_TASK ITEM_. Set out word for word the line that contains "An Iranian red ground rug, 165 x 113cm" and each line after it, through the end of the data below, but exclude the pictures.

_PROVIDED INFORMATION_.
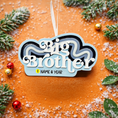 Load image into Gallery viewer, Personalized Big Brother Christmas ornament with custom name and year detail in layered blue and white design. This sibling holiday ornament features raised 3D front lettering and a lightweight flat back, perfect for Christmas tree decor.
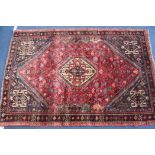 An Iranian red ground rug, 165 x 113cm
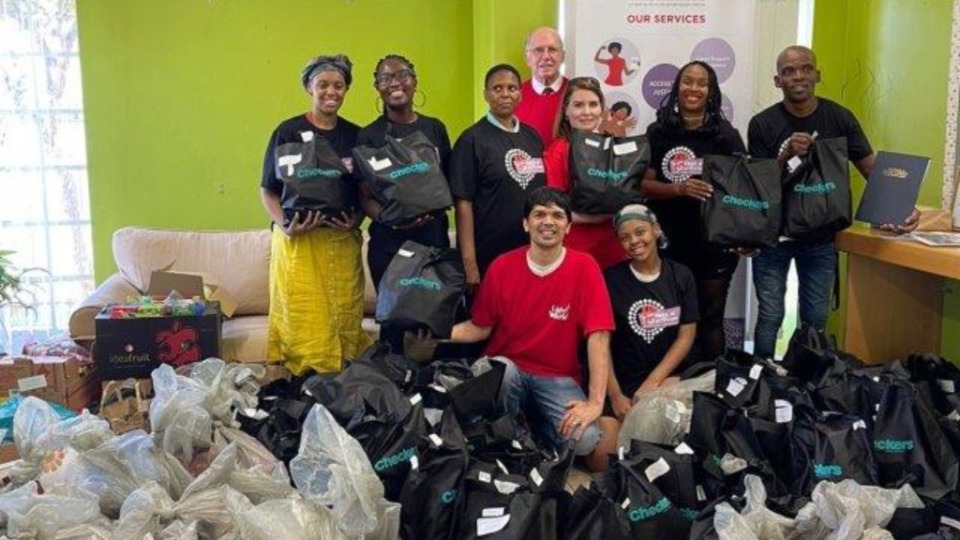 Cape Town #LightTheWorld volunteers hand over donations to a local shelter. 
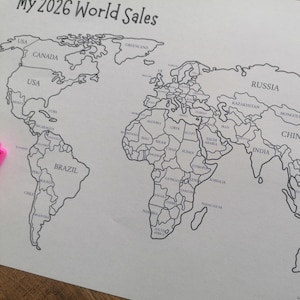 May include: A black and white printed world map on paper with the text My 2026 World Sales at the top. The map features outlined country borders and labels for various nations including Canada, USA, Brazil, Russia, China, and India.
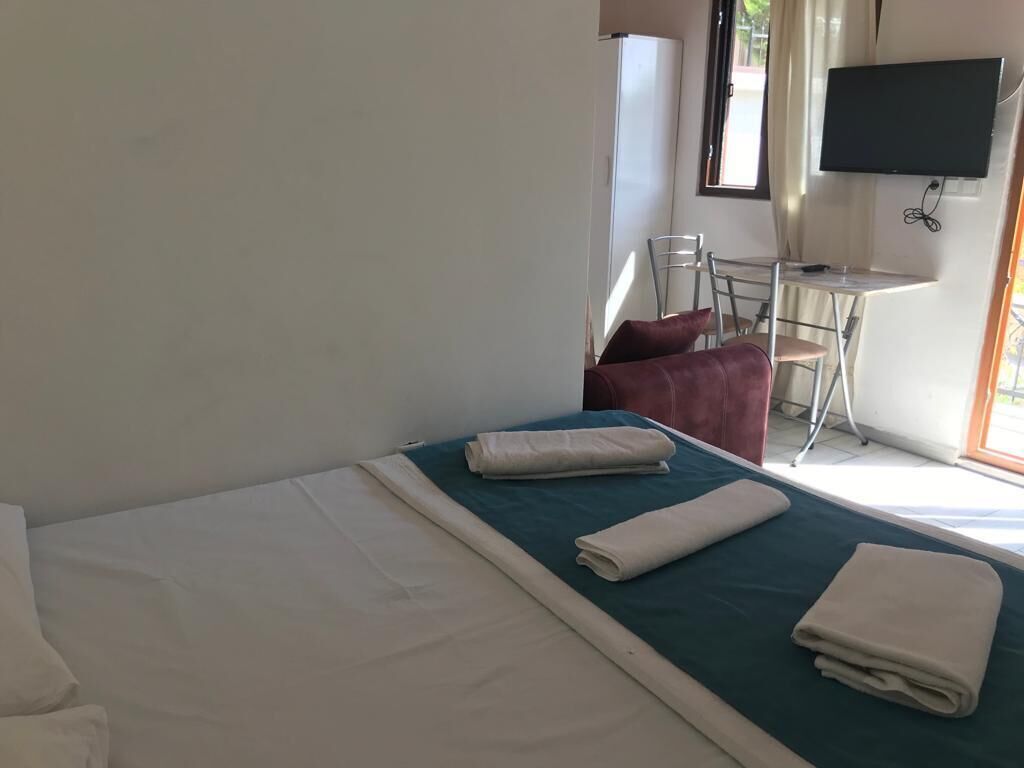 Desk, laptop workspace, bed sheets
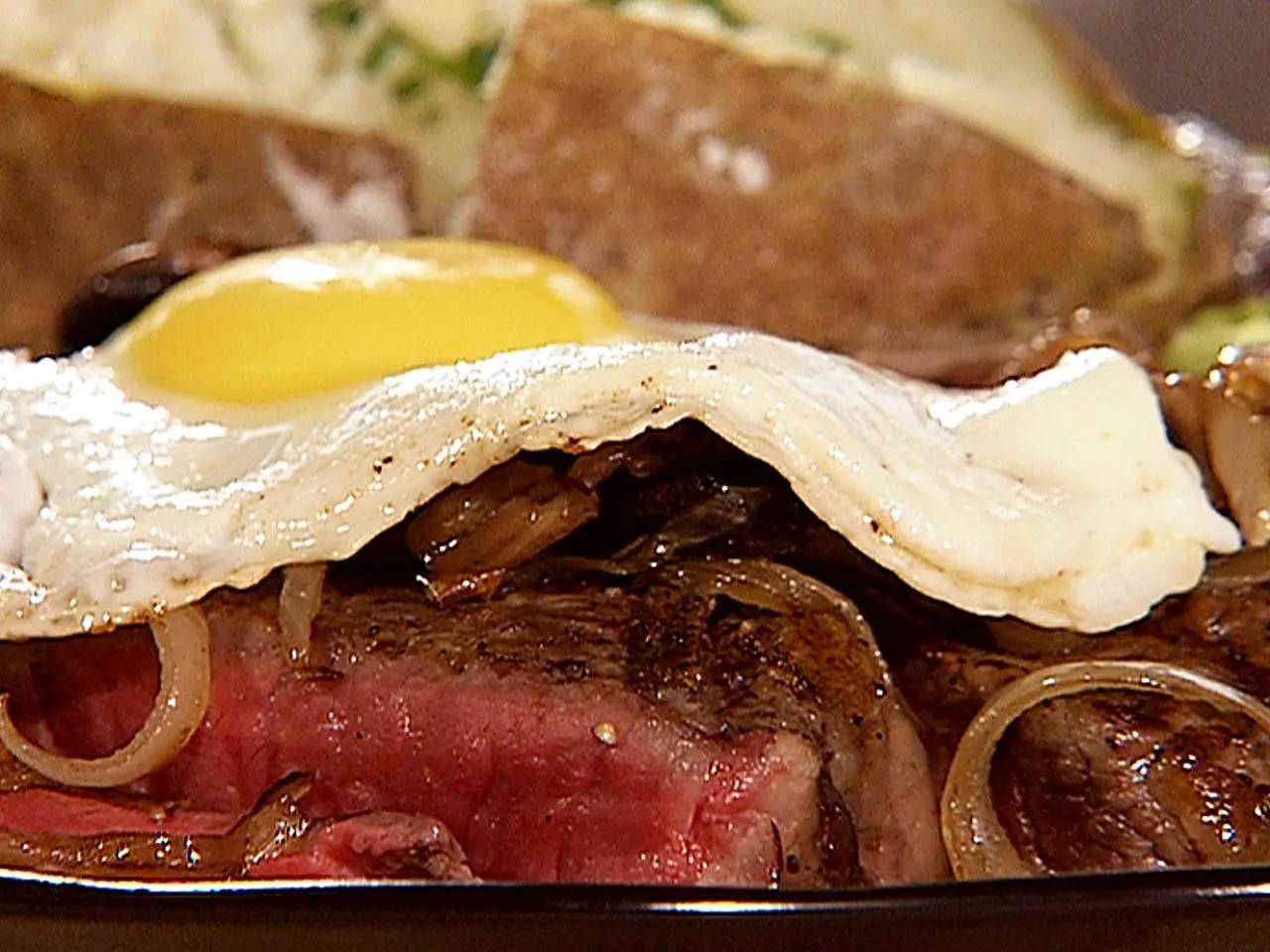 Beer Marinated T Bone Steak Sauteed Onions and Mushrooms Topped with a Fried Egg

_ANSWER TO THIS EXERCISE_.
 An Iranian red ground rug, 165 x 113cm
 Cape Town #LightTheWorld volunteers hand over donations to a local shelter. 
 May include: A black and white printed world map on paper with the text My 2026 World Sales at the top. The map features outlined country borders and labels for various nations including Canada, USA, Brazil, Russia, China, and India.
 Desk, laptop workspace, bed sheets
 Beer Marinated T Bone Steak Sauteed Onions and Mushrooms Topped with a Fried Egg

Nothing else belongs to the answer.